Exercise directions: In the material below, find the line containing "H&M Women’s Black" and the line containing "Rezept: Bifteki in". Output those two lines and all lines between them exactly, without pictures.

═══ Records shown ═══

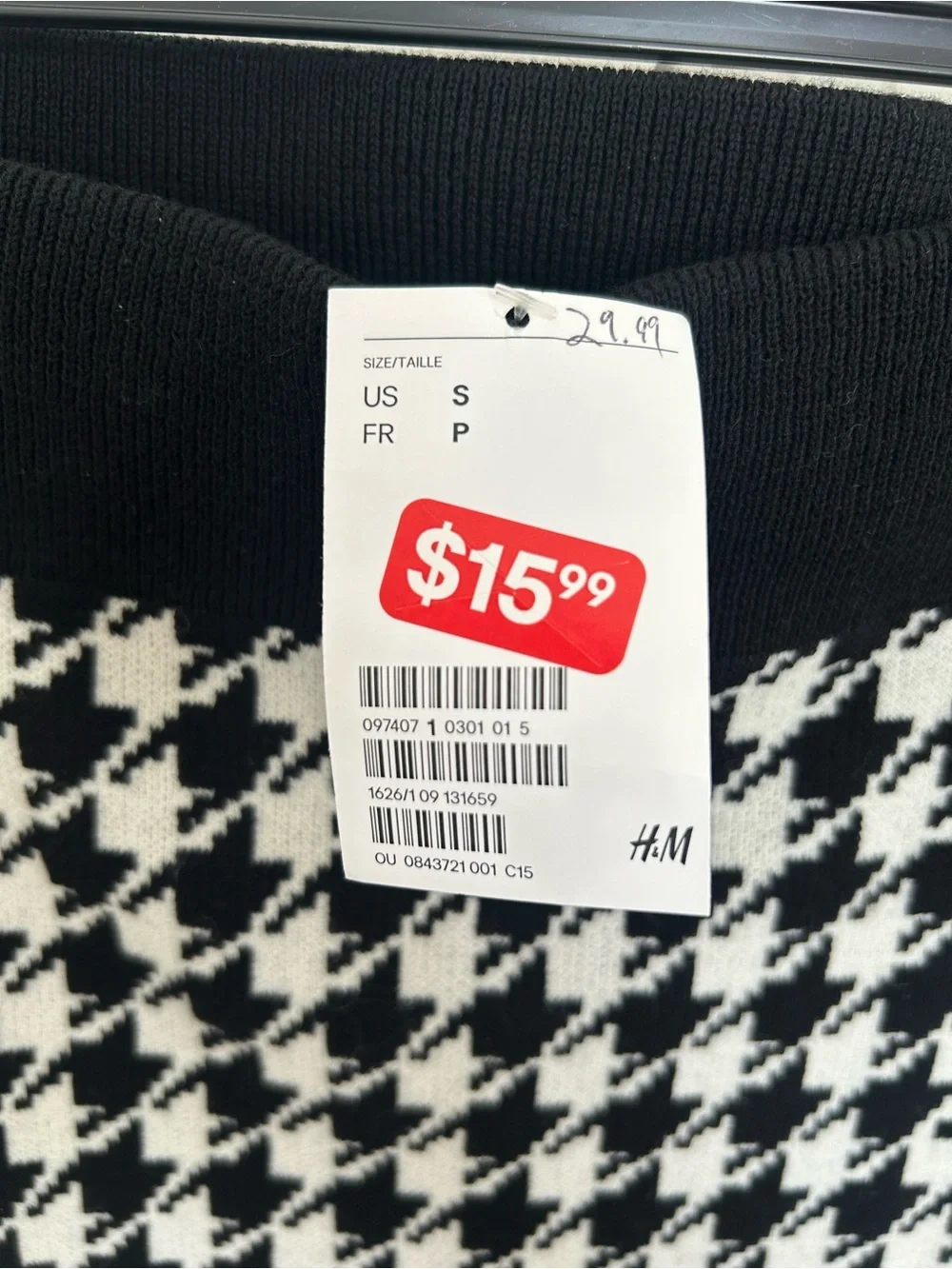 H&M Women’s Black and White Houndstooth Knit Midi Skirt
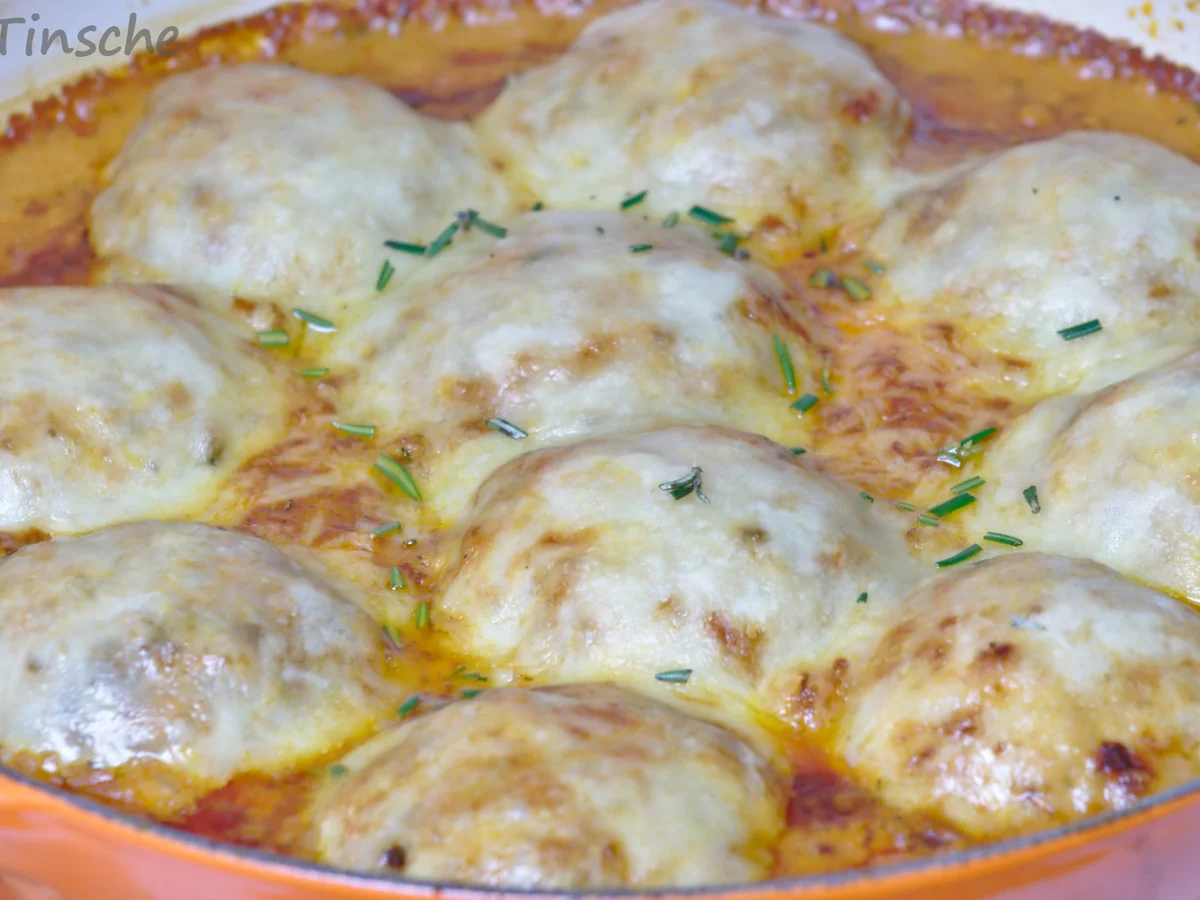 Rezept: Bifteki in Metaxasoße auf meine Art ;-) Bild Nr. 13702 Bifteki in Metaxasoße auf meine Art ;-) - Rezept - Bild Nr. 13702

═══
═══ Records shown ═══

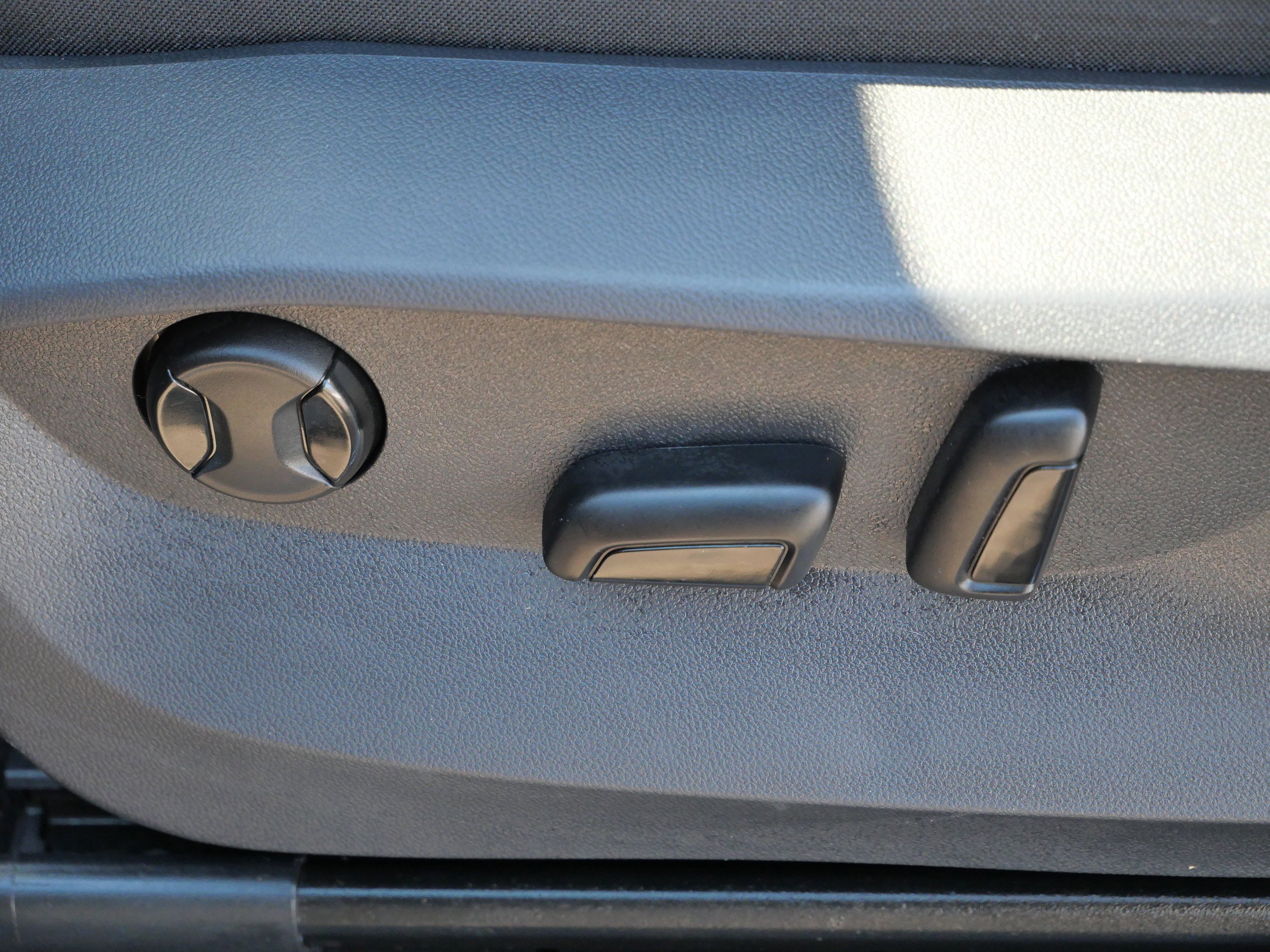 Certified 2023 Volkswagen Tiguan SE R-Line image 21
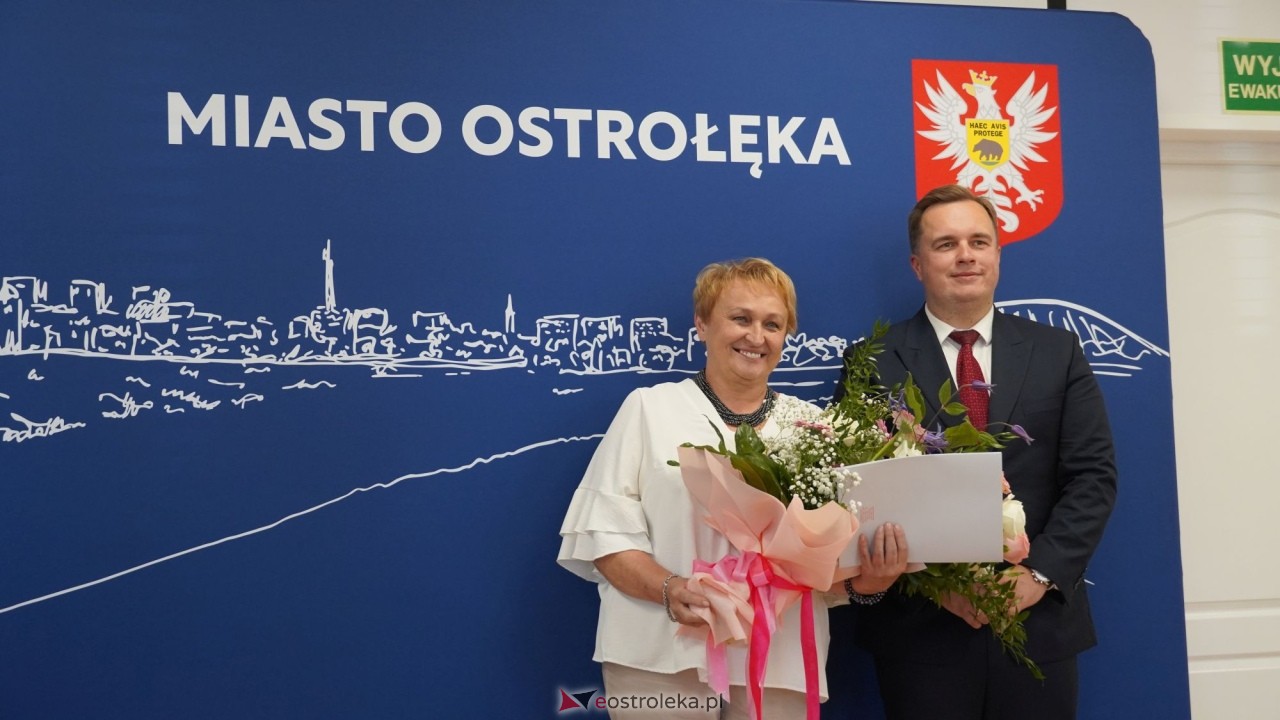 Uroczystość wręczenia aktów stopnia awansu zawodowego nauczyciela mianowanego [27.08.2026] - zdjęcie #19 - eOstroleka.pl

═══
═══ Records shown ═══

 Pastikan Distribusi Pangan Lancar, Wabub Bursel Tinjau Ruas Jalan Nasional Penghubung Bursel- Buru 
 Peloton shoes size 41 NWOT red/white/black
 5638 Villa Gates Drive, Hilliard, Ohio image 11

═══

Output for this exercise:
 H&M Women’s Black and White Houndstooth Knit Midi Skirt
 Rezept: Bifteki in Metaxasoße auf meine Art ;-) Bild Nr. 13702 Bifteki in Metaxasoße auf meine Art ;-) - Rezept - Bild Nr. 13702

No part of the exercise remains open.